Bump then dismantled a new study that is making the media rounds purporting to show that Russian trolls really did impact the 2016 election. The study found that “a gain of 25,000 re-tweets per week over all [Internet Research Agency] IRA tweets (or about 10 extra re-tweets per tweet per week), predicted approximately one percent increase in Donald Trump’s poll numbers.”

As Bump noted, the study is yet another example of correlation versus causation. For example, the study found that Trump’s support jumped to 44% “when IRA tweets were at their most successful,” but Bump pointed out that Trump’s support was similarly high in late 2015 when the IRA tweets were not successful.

This data point also came from July 14. The study made the claim that Russian trolls resulted in Trump’s higher support, but what also happened around that time in July? A little thing called the Republican National Convention, during which Trump was officially declared the Republican presidential candidate. The RNC began on July 18, just after the data point.

It’s not even clear how the researchers arrived at their percentage for Trump’s support before the convention, when the source data – from FiveThirtyEight – gave him a spike in support after the convention.

Beyond all this, Bump noted, “the idea that 25,000 retweets could drive national political polls by a percentage point seems highly unlikely.” There were some 75 million tweets sent about the 2016 election; 25,000 constitutes about 0.03% of electing Twitter activity, hardly enough to make a difference.

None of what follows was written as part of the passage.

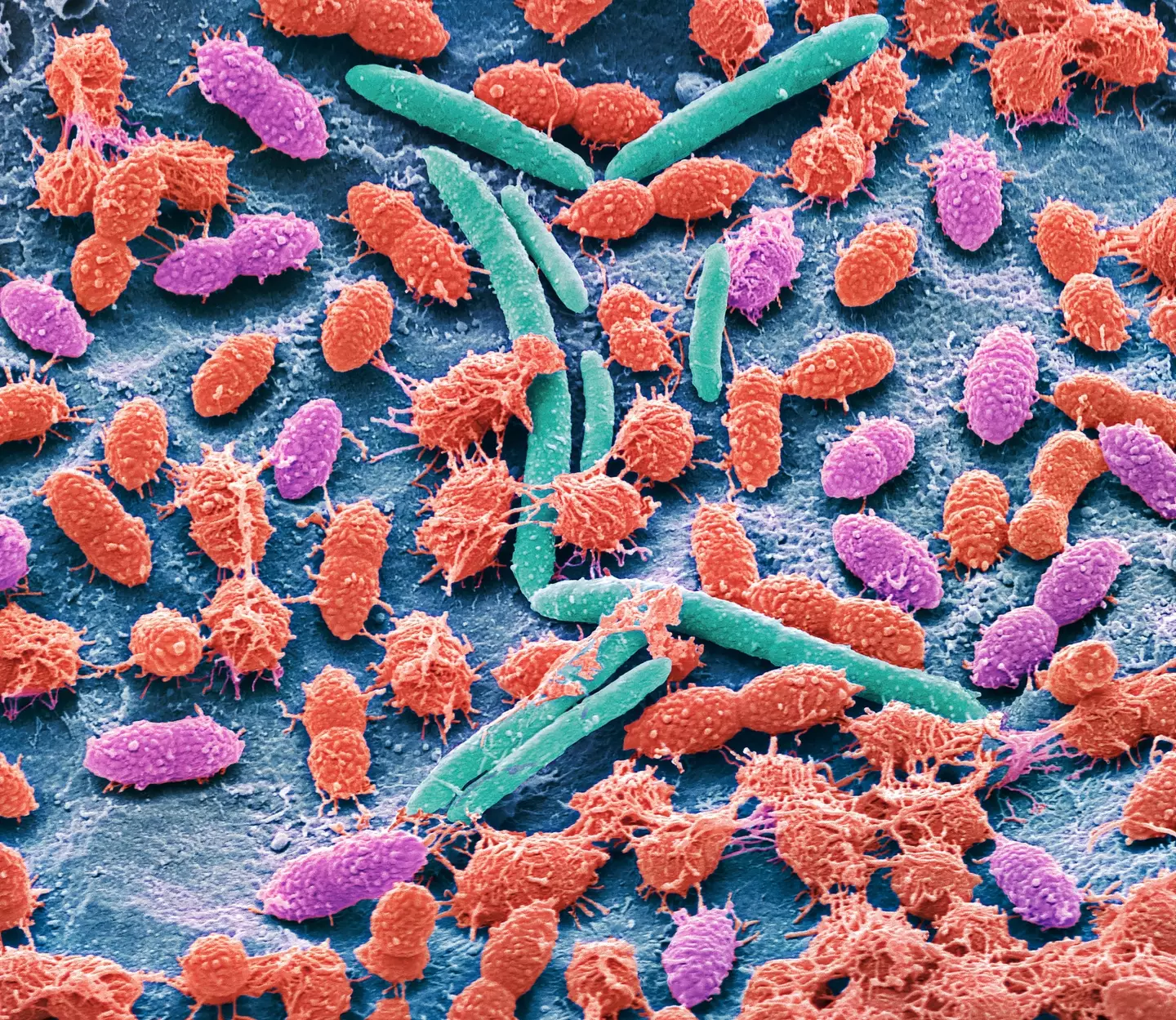 The bacteria poses a threat to humanity (STEVE GSCHMEISSNER/SCIENCE PHOTO LIBRARY/Getty Images)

Bump also took apart the idea that non-election related tweets from the IRA influenced the election in any meaningful way:

If the 97,498 retweets it received all came in the same week, would this have spurred a three-plus-point rise in Trump’s polls? Or would other most-retweeted tweets, several of which similarly focused on issues of painful black experiences in the United States?

We also have to note that these were not targeted tweets, in any meaningful sense. Several of the accounts with the most tweets were named after geographic locationsin an apparent attempt to appear to be legitimate news outlets in those places. The locations? Chicago, Newark, San Francisco and Kansas. None of these were really up for grabs in 2016. Chicago and Newark were probably chosen because of their large black populations, reinforcing that the goal was often as much racial division as Trump’s election.